In [None]:
Build a random forest classifier to predict the risk of heart disease based on a dataset of patient
information. The dataset contains 303 instances with 14 features, including age, sex, chest pain type,
resting blood pressure, serum cholesterol, and maximum heart rate achieved.
Dataset link: https://drive.google.com/file/d/1bGoIE4Z2kG5nyh-fGZAJ7LH0ki3UfmSJ/view?
usp=share_link

Q1. Preprocess the dataset by handling missing values, encoding categorical variables, and scaling the
numerical features if necessary.

Ans. Q1. Preprocessing the dataset is an important step in machine learning to ensure that the data is clean 
and in the right format for the model to learn from. Here are the steps to preprocess the dataset:

Handling missing values: Missing values can be handled by either removing the rows with missing values or by imputing
the missing values. For example, we can use the mean, median or mode to impute missing numerical values, while for categorical
values, we can use the most frequent value.

Encoding categorical variables: Categorical variables need to be encoded into numerical values for the model to learn from.
We can use one-hot encoding or label encoding to convert categorical variables into numerical values.

Scaling the numerical features: Scaling numerical features can help in improving the performance of some machine learning models
such as SVM and KNN. We can use standard scaling or min-max scaling to scale the numerical features.

Q2. Split the dataset into a training set (70%) and a test set (30%).
Ans. Splitting the dataset into a training set and a test set is important to evaluate the performance of the model 
on unseen data.

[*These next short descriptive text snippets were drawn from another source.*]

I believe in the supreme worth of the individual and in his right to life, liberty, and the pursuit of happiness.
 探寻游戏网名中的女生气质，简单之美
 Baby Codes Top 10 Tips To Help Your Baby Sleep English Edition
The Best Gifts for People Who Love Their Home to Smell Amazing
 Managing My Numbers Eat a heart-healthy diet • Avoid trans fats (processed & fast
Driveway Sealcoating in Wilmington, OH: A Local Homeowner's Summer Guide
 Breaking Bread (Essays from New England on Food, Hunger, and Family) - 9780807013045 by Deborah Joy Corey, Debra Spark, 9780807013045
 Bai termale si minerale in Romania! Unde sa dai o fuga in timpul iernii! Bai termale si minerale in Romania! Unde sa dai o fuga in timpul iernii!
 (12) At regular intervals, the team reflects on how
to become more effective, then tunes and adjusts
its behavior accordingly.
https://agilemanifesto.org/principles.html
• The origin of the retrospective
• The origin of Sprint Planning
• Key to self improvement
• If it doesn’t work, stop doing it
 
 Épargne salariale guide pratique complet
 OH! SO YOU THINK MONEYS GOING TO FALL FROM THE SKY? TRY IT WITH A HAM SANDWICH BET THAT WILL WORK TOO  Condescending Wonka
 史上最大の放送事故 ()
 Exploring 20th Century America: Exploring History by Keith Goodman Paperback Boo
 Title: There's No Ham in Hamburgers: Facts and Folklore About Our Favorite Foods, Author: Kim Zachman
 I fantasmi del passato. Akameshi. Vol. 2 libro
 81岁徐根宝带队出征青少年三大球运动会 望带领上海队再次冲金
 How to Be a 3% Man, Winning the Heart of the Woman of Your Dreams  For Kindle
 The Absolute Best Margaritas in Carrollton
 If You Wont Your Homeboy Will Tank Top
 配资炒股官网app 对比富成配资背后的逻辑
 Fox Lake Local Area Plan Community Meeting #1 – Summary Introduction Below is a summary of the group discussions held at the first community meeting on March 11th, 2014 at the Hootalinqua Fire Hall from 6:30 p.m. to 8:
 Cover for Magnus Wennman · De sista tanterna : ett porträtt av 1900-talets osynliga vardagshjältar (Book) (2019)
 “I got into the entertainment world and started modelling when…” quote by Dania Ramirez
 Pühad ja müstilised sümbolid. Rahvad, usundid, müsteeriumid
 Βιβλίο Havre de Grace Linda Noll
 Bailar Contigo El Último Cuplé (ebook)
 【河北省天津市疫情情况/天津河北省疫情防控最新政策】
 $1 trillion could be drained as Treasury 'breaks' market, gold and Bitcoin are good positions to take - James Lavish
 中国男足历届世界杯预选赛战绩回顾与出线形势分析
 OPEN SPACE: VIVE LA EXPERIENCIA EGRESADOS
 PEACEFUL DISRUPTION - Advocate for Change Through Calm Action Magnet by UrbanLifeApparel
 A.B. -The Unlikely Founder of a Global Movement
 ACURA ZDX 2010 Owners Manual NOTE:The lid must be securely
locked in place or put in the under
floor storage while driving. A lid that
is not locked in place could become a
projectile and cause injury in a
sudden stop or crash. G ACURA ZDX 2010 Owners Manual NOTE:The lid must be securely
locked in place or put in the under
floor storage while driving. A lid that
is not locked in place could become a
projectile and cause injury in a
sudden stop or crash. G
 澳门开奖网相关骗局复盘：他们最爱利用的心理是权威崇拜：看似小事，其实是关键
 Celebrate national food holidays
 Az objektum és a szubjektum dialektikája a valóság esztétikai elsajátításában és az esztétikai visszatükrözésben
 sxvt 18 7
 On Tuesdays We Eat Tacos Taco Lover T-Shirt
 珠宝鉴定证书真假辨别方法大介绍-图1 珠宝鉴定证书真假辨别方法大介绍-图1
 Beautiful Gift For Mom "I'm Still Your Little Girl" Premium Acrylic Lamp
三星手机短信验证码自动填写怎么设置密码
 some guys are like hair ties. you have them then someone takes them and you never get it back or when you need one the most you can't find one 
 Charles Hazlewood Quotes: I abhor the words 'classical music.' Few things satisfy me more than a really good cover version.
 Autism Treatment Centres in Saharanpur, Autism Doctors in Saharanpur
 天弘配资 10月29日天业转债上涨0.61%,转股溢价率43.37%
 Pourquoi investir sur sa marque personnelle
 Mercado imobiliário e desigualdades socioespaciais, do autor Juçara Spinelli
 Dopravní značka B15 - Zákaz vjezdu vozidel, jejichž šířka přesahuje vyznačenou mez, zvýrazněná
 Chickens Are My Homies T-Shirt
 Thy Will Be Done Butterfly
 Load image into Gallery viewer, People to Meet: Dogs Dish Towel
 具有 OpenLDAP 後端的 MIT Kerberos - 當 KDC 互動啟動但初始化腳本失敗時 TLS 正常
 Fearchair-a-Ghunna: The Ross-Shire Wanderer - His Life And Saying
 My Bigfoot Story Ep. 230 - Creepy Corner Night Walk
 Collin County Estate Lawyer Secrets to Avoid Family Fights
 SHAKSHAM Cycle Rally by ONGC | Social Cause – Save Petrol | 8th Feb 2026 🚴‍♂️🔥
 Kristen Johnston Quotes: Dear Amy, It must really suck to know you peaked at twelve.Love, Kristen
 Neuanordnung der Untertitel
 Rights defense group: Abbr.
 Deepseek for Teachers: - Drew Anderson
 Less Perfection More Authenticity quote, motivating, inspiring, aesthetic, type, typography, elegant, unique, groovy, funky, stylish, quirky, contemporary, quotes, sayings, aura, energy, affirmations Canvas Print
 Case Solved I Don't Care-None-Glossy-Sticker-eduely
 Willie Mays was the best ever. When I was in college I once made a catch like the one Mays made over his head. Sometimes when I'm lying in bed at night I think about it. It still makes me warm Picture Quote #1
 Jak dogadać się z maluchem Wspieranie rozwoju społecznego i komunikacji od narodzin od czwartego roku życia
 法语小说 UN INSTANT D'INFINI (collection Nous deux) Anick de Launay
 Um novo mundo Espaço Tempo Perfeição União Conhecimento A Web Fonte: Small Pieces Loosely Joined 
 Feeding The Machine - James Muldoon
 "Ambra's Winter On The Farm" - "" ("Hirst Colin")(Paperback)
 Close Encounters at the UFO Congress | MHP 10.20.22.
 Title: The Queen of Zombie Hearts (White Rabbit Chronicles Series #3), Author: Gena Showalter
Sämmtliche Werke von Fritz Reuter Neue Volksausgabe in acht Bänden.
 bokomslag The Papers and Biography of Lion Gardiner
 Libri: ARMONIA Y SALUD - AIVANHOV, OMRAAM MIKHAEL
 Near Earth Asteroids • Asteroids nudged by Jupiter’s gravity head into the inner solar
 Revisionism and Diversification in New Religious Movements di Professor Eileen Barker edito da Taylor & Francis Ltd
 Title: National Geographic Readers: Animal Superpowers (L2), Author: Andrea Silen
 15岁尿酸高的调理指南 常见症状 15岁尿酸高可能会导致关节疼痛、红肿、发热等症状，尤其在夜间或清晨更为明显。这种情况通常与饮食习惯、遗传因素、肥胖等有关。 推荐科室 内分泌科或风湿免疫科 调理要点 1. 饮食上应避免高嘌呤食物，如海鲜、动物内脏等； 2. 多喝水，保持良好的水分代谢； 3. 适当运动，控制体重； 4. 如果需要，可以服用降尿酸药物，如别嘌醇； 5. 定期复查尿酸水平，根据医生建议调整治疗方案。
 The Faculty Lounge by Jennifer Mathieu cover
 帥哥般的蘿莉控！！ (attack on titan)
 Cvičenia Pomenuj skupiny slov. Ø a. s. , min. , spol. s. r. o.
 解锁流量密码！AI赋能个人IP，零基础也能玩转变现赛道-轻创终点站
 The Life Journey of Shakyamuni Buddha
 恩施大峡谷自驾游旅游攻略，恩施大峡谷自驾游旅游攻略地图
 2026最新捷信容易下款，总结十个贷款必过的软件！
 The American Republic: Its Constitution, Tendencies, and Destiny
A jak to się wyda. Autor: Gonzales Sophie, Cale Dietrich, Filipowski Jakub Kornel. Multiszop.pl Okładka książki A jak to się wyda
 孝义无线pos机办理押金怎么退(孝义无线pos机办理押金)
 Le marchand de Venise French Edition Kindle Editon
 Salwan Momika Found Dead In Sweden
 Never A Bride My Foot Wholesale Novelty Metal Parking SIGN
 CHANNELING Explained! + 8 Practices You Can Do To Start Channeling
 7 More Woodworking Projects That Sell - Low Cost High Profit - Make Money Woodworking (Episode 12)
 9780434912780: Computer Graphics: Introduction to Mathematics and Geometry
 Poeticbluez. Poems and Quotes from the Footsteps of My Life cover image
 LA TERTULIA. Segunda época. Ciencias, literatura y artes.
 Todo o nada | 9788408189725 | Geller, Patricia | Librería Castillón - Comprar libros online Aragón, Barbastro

Here are the steps to split the dataset:

Import the necessary libraries, such as Pandas and Scikit-learn.
Load the dataset into a Pandas dataframe.
Split the dataset into a training set and a test set using the train_test_split function from Scikit-learn. 
We can specify the test size and random state to ensure reproducibility.

Q3. Train a random forest classifier on the training set using 100 trees and a maximum depth of 10 for each
tree. Use the default values for other hyperparameters.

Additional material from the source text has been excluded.